--- START ---
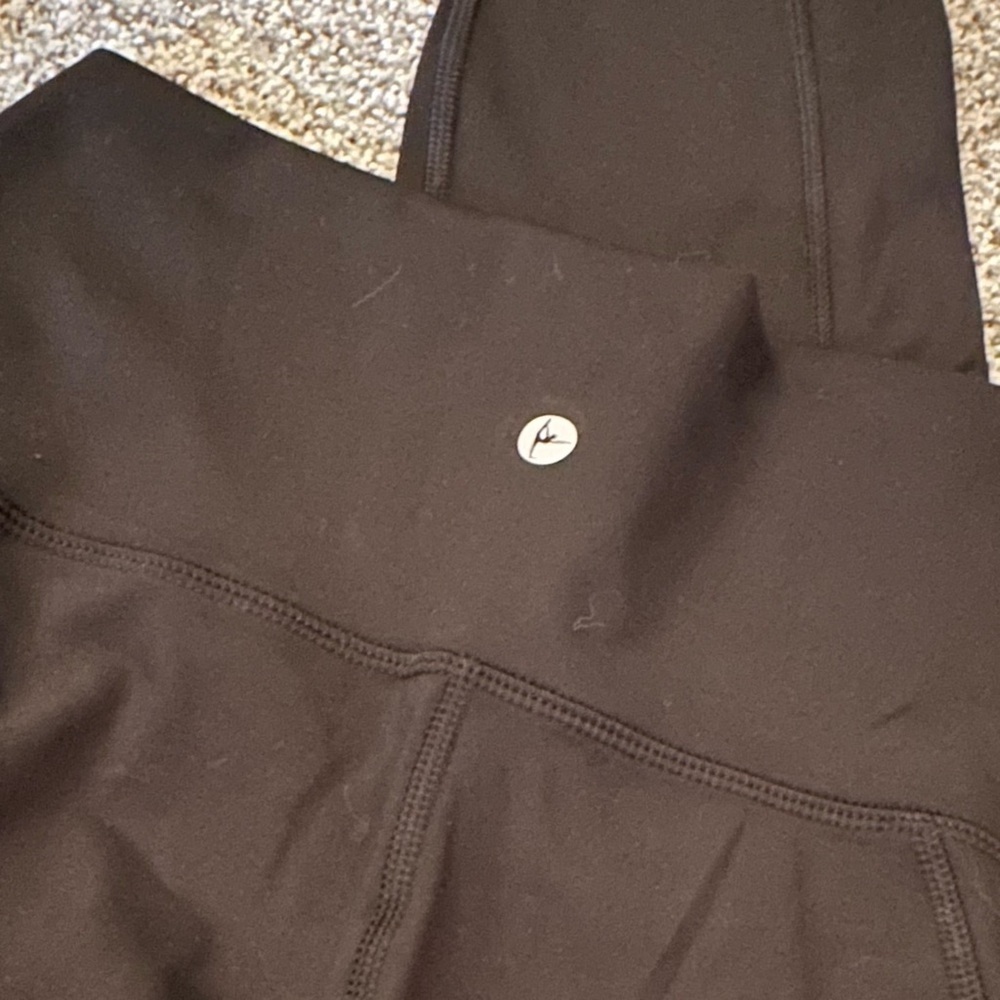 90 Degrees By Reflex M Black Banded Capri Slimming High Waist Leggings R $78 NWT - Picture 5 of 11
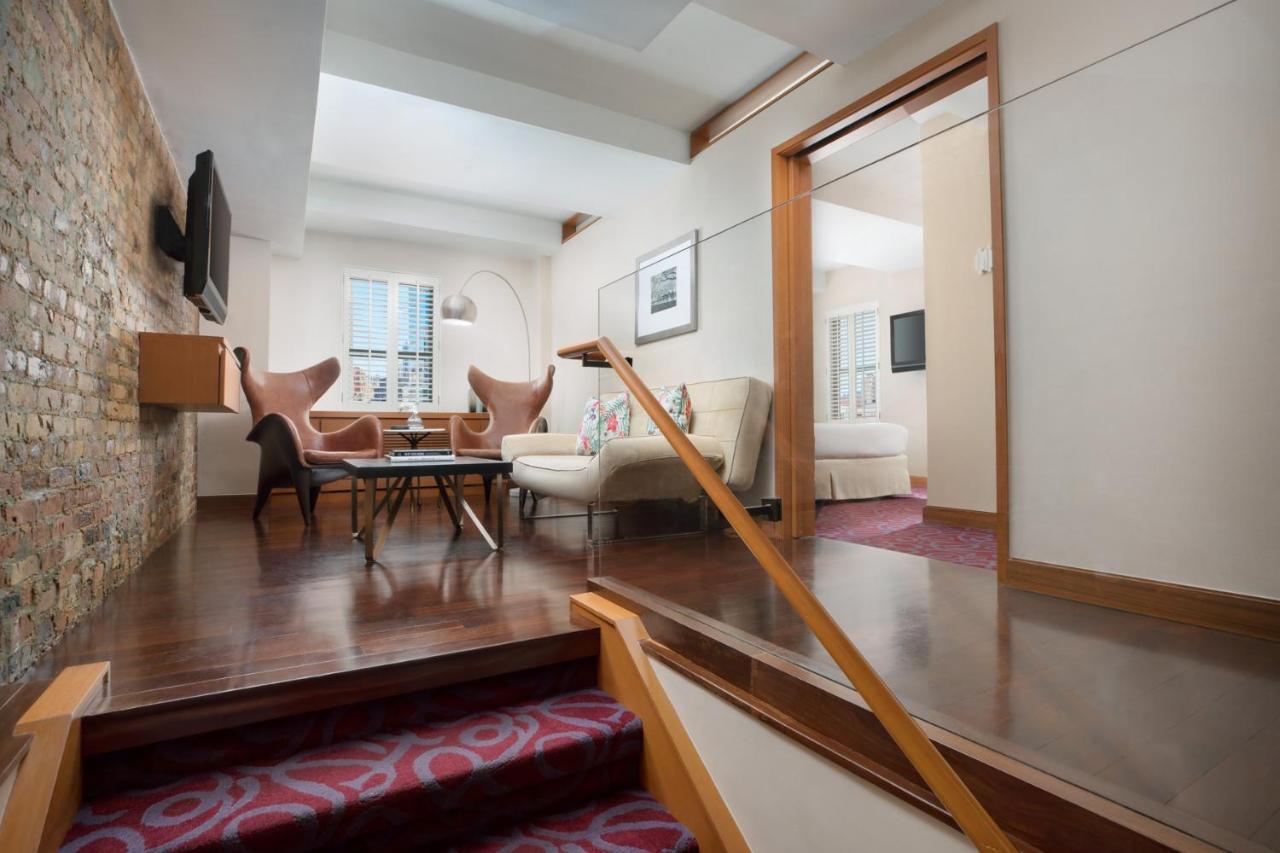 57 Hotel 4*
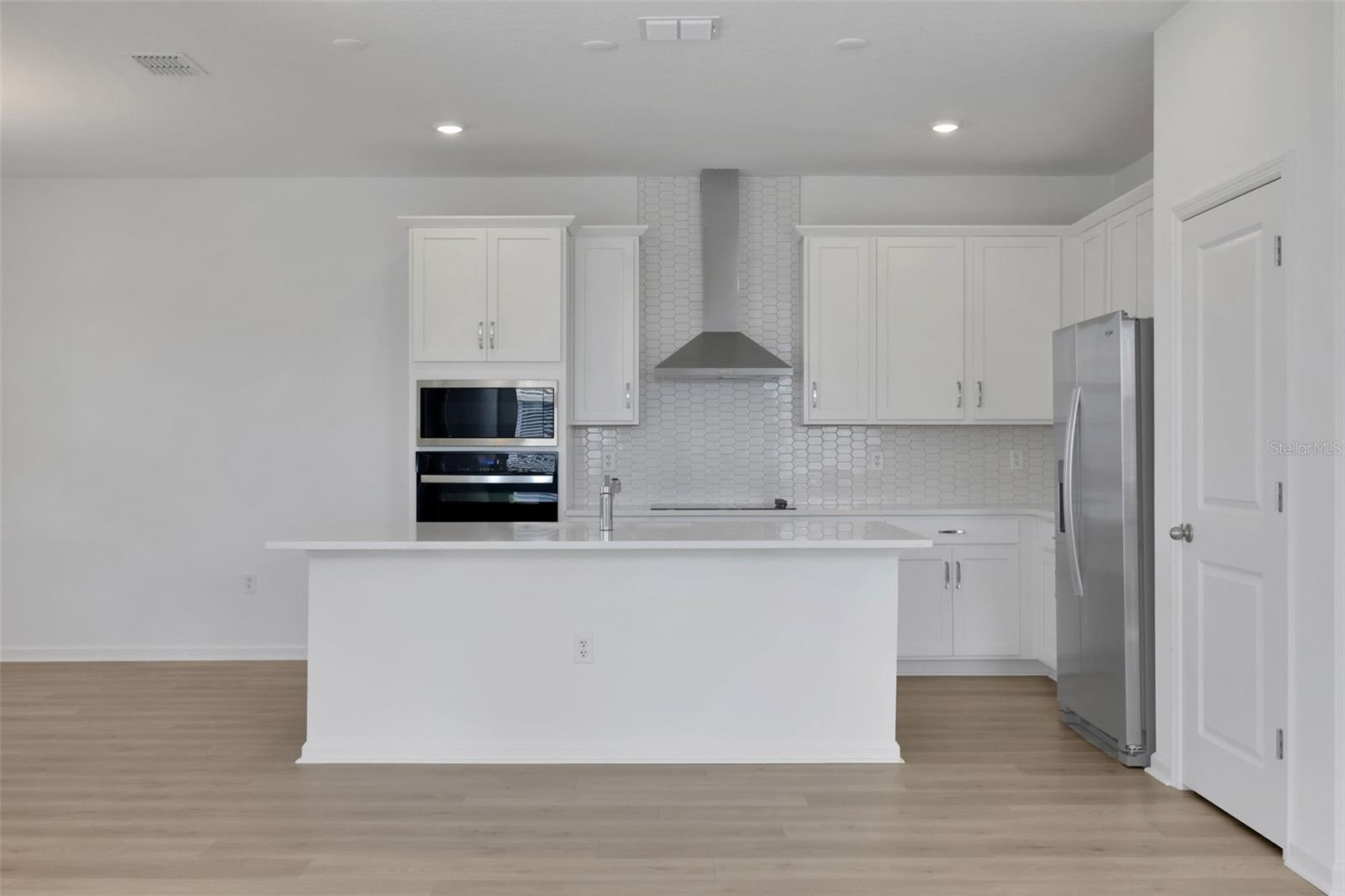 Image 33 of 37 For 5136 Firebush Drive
--- END ---
--- START ---
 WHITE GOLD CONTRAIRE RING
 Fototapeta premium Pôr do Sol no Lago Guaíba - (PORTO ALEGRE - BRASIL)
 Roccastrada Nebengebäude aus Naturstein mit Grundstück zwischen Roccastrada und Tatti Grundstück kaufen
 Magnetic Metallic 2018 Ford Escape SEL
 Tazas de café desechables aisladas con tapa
--- END ---
■ **Task statement**
The response must repeat exactly the lines above from the one with "90 Degrees By" through the one with "Image 33 of 37 For 5136 Firebush Drive", including both, and must contain no pictures and no other text.

■ **Task answer**
 90 Degrees By Reflex M Black Banded Capri Slimming High Waist Leggings R $78 NWT - Picture 5 of 11
 57 Hotel 4*
 Image 33 of 37 For 5136 Firebush Drive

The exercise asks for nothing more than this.